ResponseAlert, oriented, answers questions appropriately but anxious. Complains of neck pain and inability to move/feel legs. (AVPU=A).
AirwayClear and self-maintaining currently. Maintain C-spine immobilisation.
BreathingMay exhibit diaphragmatic breathing (abdominal movement without significant chest wall movement) if injury is high cervical (C3-C5). Rate may be normal or slightly slow. Effort appears shallow.
Circulation**Hypotensive**. **Bradycardic** (or inappropriately normal heart rate for hypotension). Skin below mid-chest level is warm, dry, and possibly flushed. Skin above this level (upper chest, arms, face) is cool and pale. Peripheral pulses may be palpable but rate is slow. Capillary refill may appear normal peripherally despite hypotension.
DisabilityGCS 15. Obvious motor and sensory deficit below approximate nipple line (T4 level). Complains of neck pain. Pupils equal and reactive. Priapism may be present (assess if appropriate).
Exposure/EnvironmentRiverside, patient wet from water. High risk of hypothermia despite peripherally warm skin below injury level (due to poikilothermia). Need to remove wet clothing and keep warm.

Secondary Survey and Simulation Progression

History (Friend collateral, Patient input)

AllergiesNKDA
MedicationsNone.
Past Medical HistoryGenerally fit and well.
Last Oral IntakeLunch approx 2 hours ago. Possible alcohol consumption (friend unsure).
Events Preceding / History of Presenting ComplaintPatient dived into river from bank (~2m height), impacting head on shallow bottom (~1m depth). Immediately felt neck pain and couldn't move legs. Friends pulled him out quickly. No reported loss of consciousness. Consistent complaint of neck pain and paralysis/numbness below chest since incident (~10 mins ago).

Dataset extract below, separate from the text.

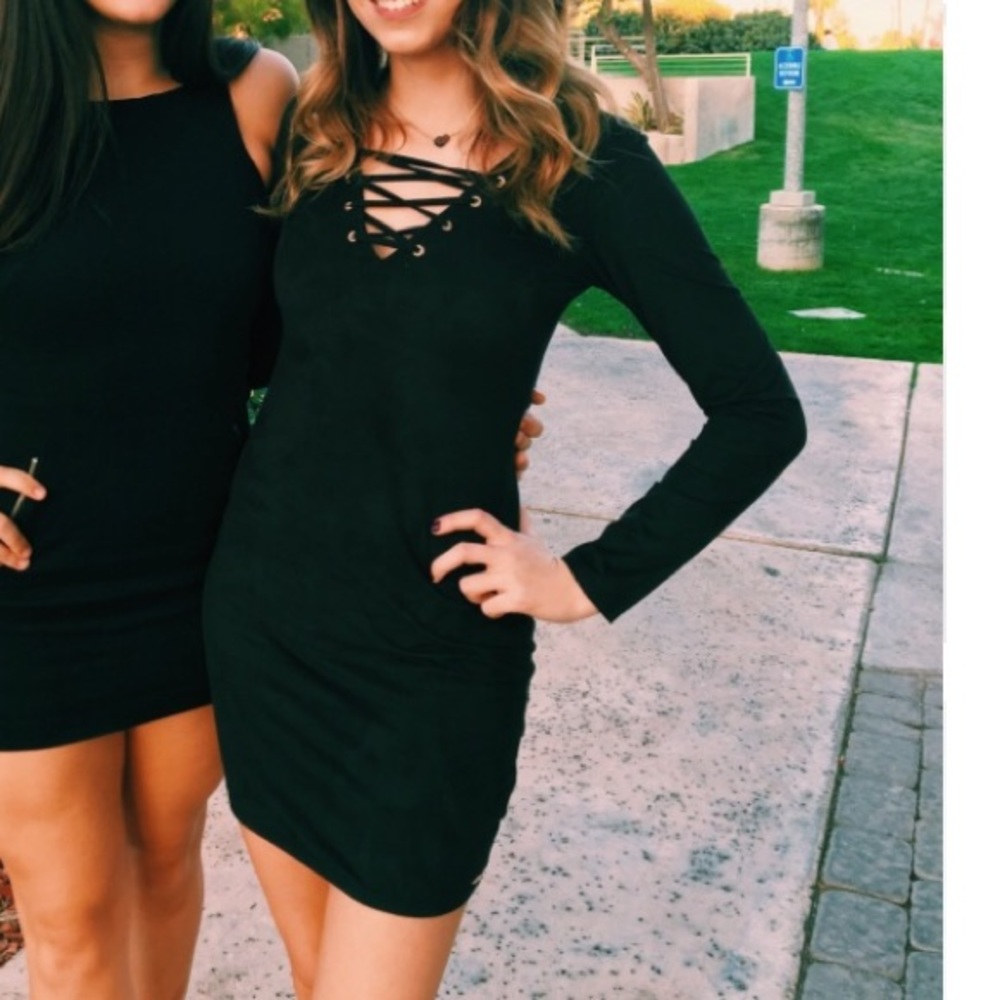 Guess Long Sleeve Velvet Dress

Vital Signs/Assessment (Initial)

Parameter Value (Approximate/Expected)
Resp. Rate (/min.)12-16, shallow (diaphragmatic)
Lung Sounds (L/R)Clear, air entry may be reduced at bases.
SpO2 (%)94-96% on Room Air (May decrease if respiratory muscle fatigue occurs).
EtCO2 (mmHg)35-45 mmHg initially (May rise if hypoventilation develops).
Pulse Rate (/min.)**50-60**, regular (Bradycardia despite hypotension).
CRT (sec.)Variable, may appear normal (<2s) in warm peripheries below injury.
ECG rhythmSinus Bradycardia
12-lead ECGSinus bradycardia. No other acute changes.
BP (mmHg)**80/45** (Hypotensive - MAP < 65 mmHg).
SkinWarm, dry below T4 level. Cool, pale above T4 level.
Pain (/10)Reports 7/10 neck pain. Denies pain below chest.
GCS (/15: E,V,M)15/15
BGL (mmol/L)Within normal limits (e.g., 5.5).
Pupils (mmL/mmR)Equal and reactive.
Pupil reac. (L/R)Equal and Reactive.
Temp. (°C)Core temperature likely dropping (e.g., 35.5°C) despite warm peripheral skin below injury (Poikilothermia).